Top of RECORDS SHOWN
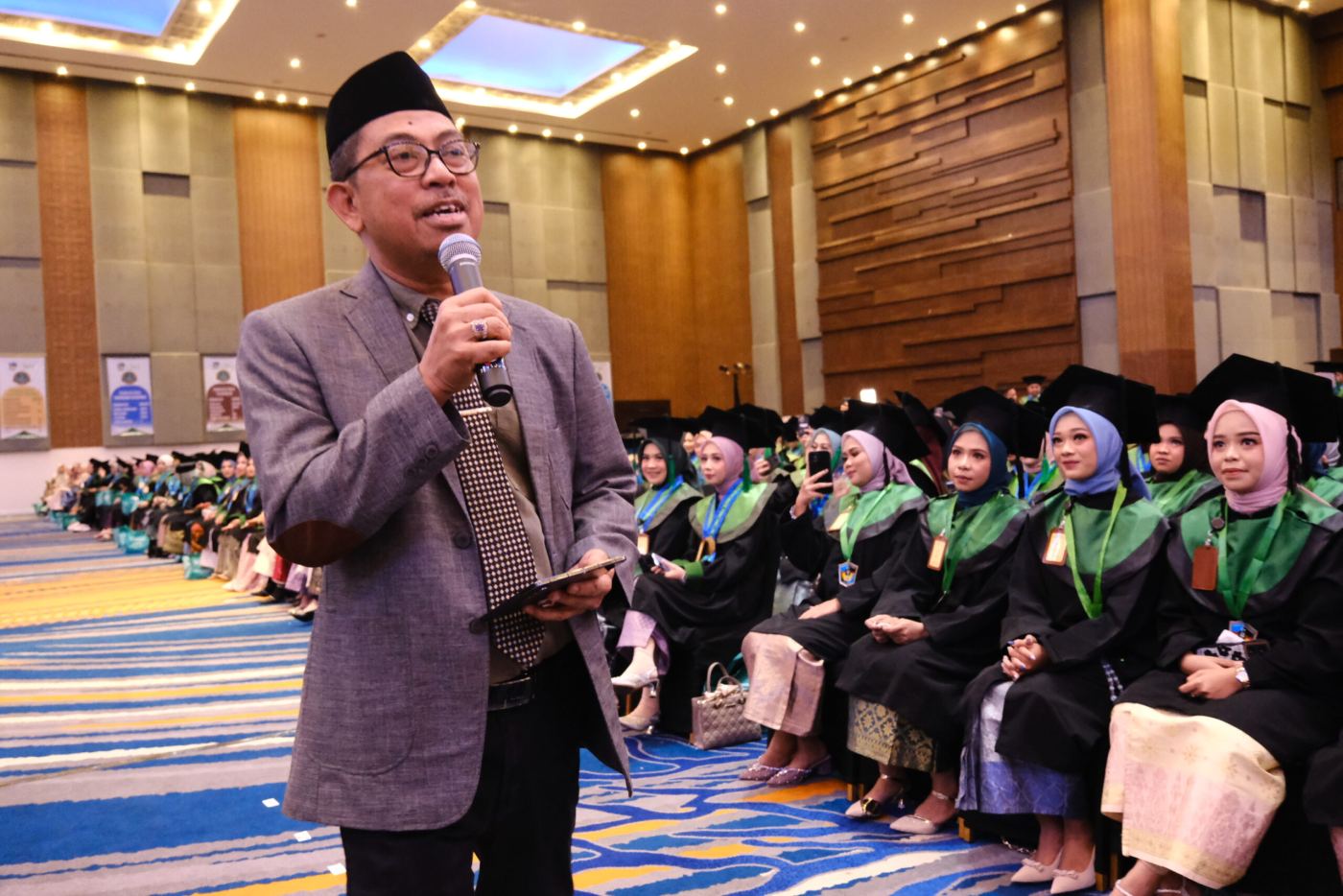Wisuda UMI Hari Pertama Periode I 2025, Kepala LLDikti IX : UMI Unggul, Luaran Siap Hadapi Tantangan Global
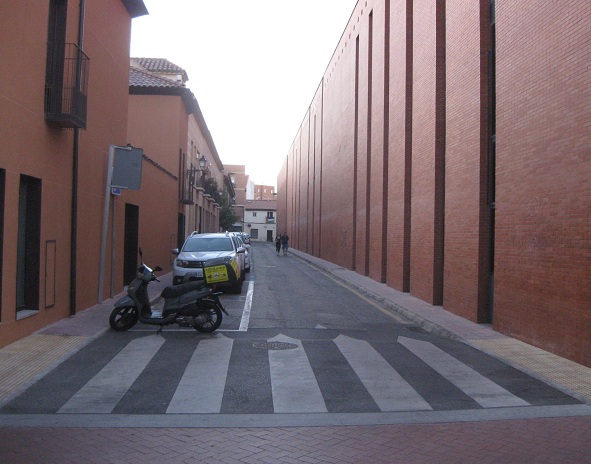 Alcalá cerca de Madrid: El instituto en el
centro es un muro gigante rojo de ladrillo rojo - y la
calle principal también está en rojo (!) Alcalá
cerca de Madrid: El instituto en el centro es un muro
gigante rojo de ladrillo rojo - y la calle principal
también está en rojo (!)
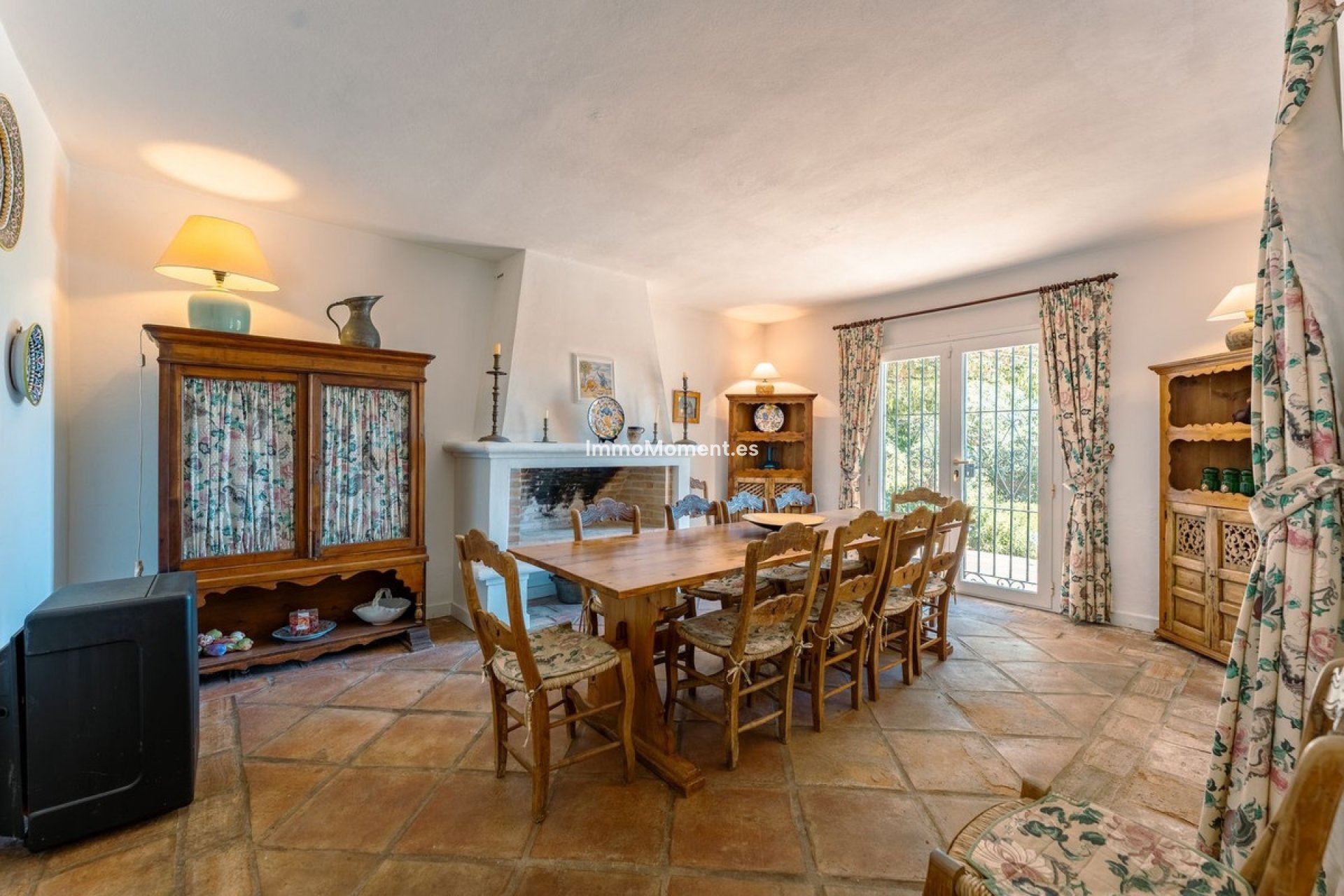 Resale - Country house - Estepona - Cancelada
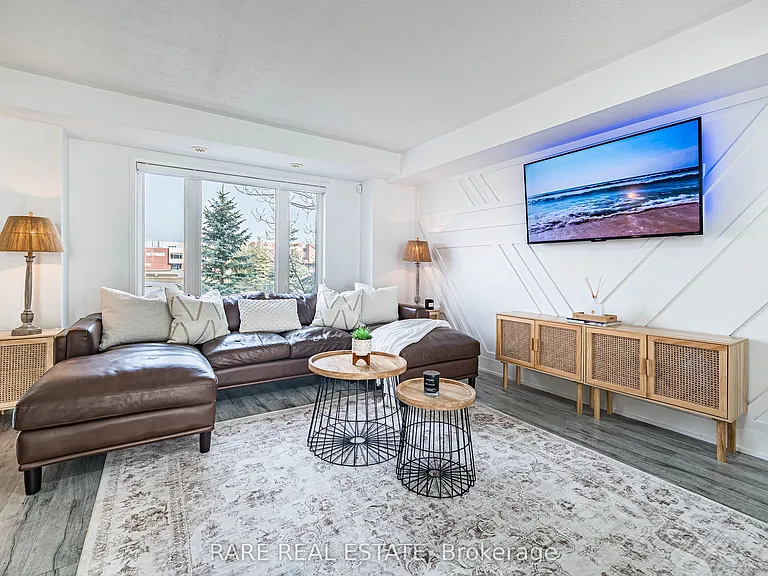 60 Fairwood Cir #28 — Photo 4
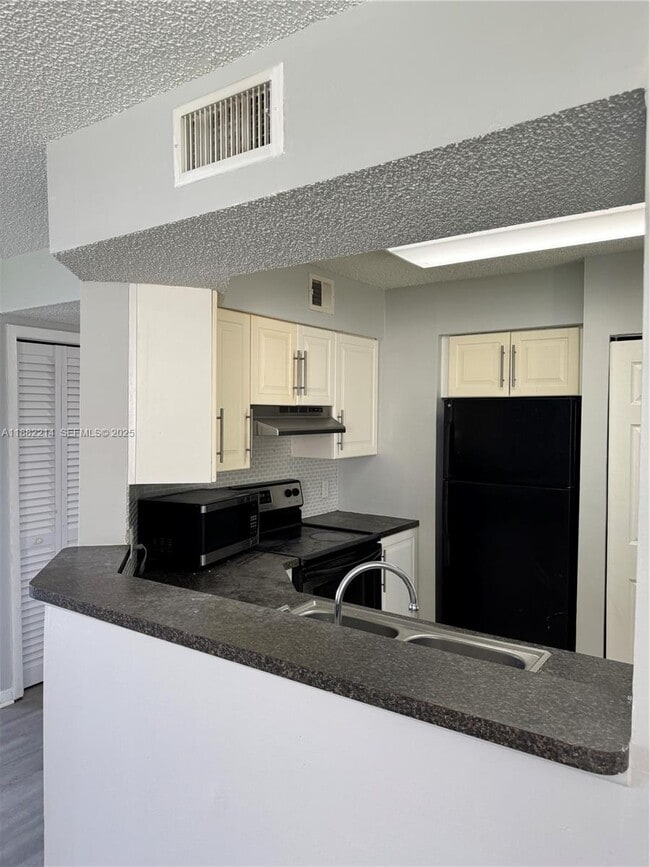 Building Photo - 3405 NW 44th St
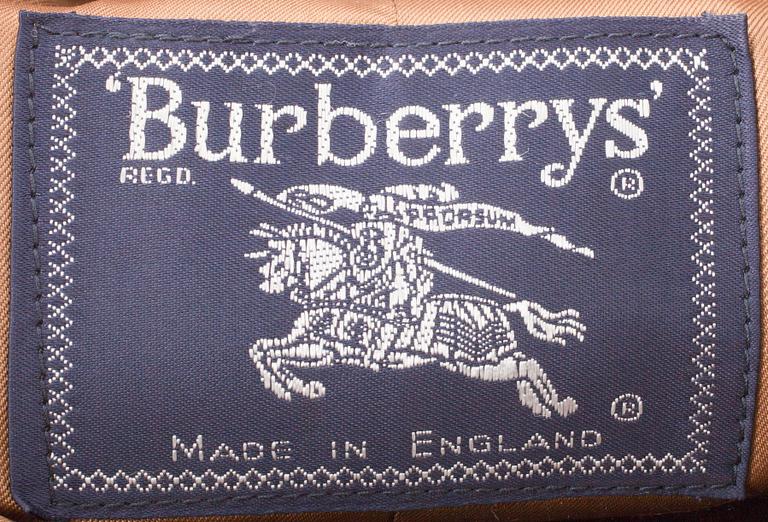 DAMULSTER, Burberry.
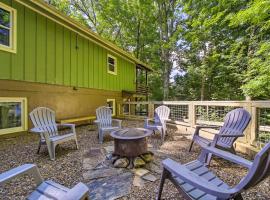 Charming Maggie Valley Getaway with Fire Pit!, semesterhus i Maggie Valley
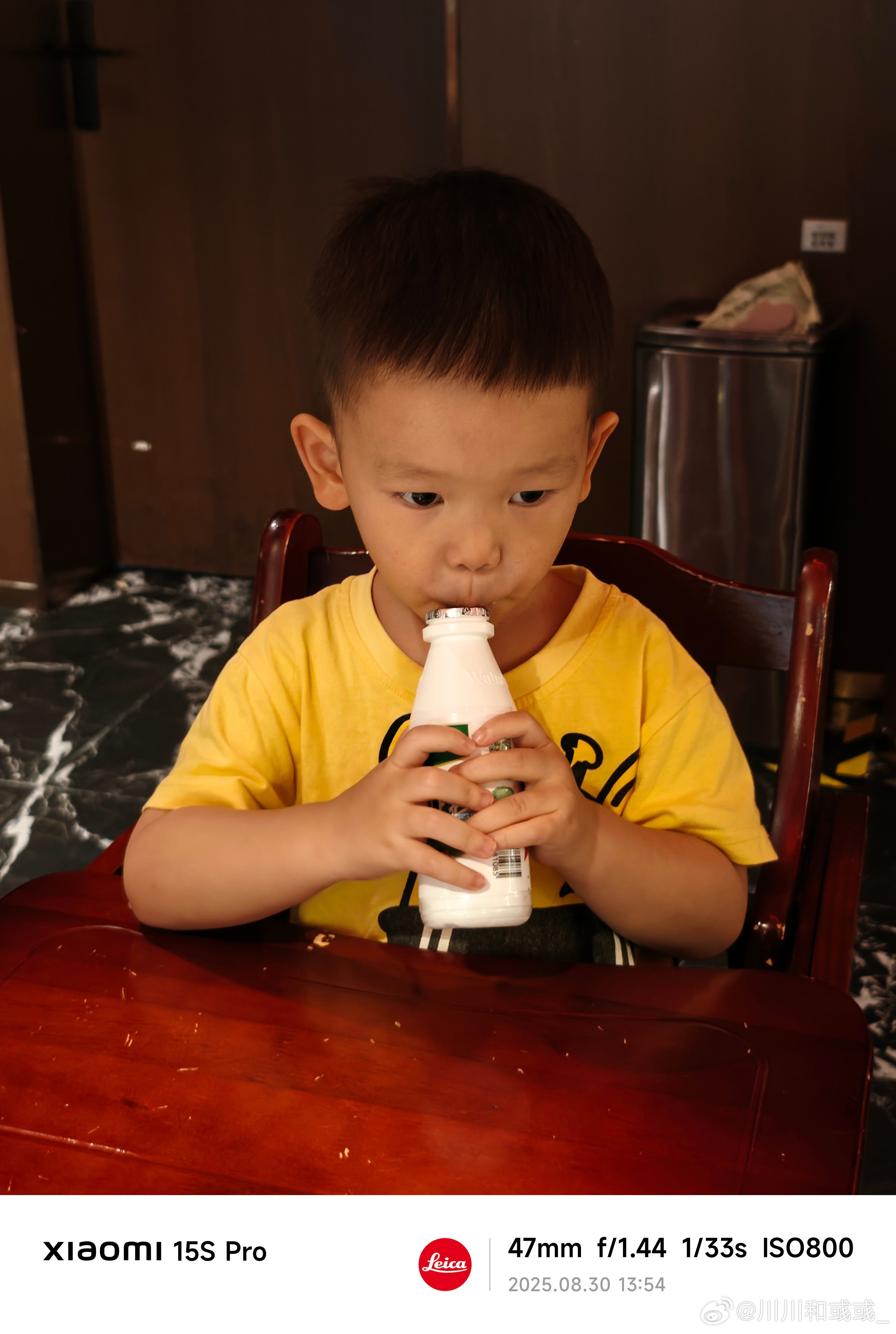 记派派第一次喝AD钙奶，我记得我们小时候最喜欢喝了，也不知道现在的小朋友还喝不喝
Bottom of RECORDS SHOWN
WHAT THE TASK ASKS
Leave out the pictures; repeat the data exactly.

EXPECTED ANSWER
Wisuda UMI Hari Pertama Periode I 2025, Kepala LLDikti IX : UMI Unggul, Luaran Siap Hadapi Tantangan Global
 Alcalá cerca de Madrid: El instituto en el
centro es un muro gigante rojo de ladrillo rojo - y la
calle principal también está en rojo (!) Alcalá
cerca de Madrid: El instituto en el centro es un muro
gigante rojo de ladrillo rojo - y la calle principal
también está en rojo (!)
 Resale - Country house - Estepona - Cancelada
 60 Fairwood Cir #28 — Photo 4
 Building Photo - 3405 NW 44th St
 DAMULSTER, Burberry.
 Charming Maggie Valley Getaway with Fire Pit!, semesterhus i Maggie Valley
 记派派第一次喝AD钙奶，我记得我们小时候最喜欢喝了，也不知道现在的小朋友还喝不喝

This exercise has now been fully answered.